Por fim, ao me debruçar sobre telegramas, informes, conversas e declarações trocadas entre membros da embaixada no Rio de Janeiro e membros do Departamento de Estado, nos Estados Unidos, além das análises que saíram na mídia impressa, parece-me prematuro sugerir, conforme algumas análises sobre esse episódio, que havia uma ordem expressa vinda de Washington no sentido de exigir que o governo brasileiro aceitasse as exigências dos guerrilheiros.
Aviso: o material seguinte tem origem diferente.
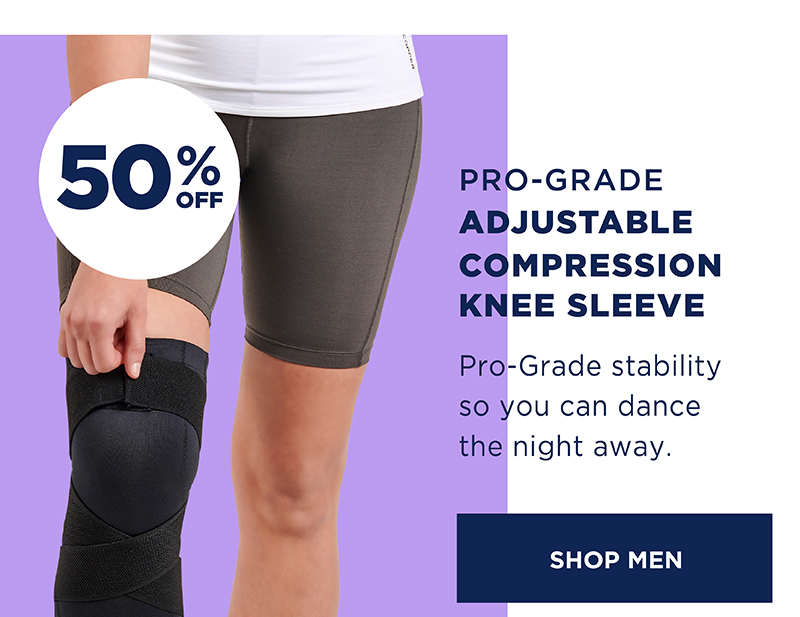 50% Off Pro Grade Adjustable Compression Knee Sleeve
Outro tópico fundamental, também presente nos documentos, é o questionamento sobre como o sequestro poderia interferir no futuro das relações entre os dois países, além da necessidade de reavaliar se seria prudente que o embaixador continuasse a ocupar o posto diplomático no Brasil a partir da observação que seu poder de negociação diplomática estava seriamente comprometido.

Pâmela Almeida é bacharel e licenciada em História pela Universidade Estadual de Campinas, pela qual também é mestre em História Social, com pesquisa sobre o controle e vigilância aos movimentos pela anistia na década de 1970. É doutora em História Social pela FFLCH. Realizou estágio doutoral na The New School University em 2017. Foi premiada no 2º Prêmio de Pesquisas Memórias Reveladas, no ano de 2013, com a publicação do livro Os vigilantes da ordem: a cooperação DEOPS/SP e SNI e as suspeições aos movimentos pela anistia (1975-1983). Trabalhou como consultora na Comissão de Anistia e pesquisadora júnior na Comissão Nacional da Verdade. Sua tese de doutorado, Ser um embaixador não é um mar de rosas: o sequestro de Charles Burke Elbrick no Brasil em 1969, está disponível na Biblioteca Digital de Teses e Dissertações da USP.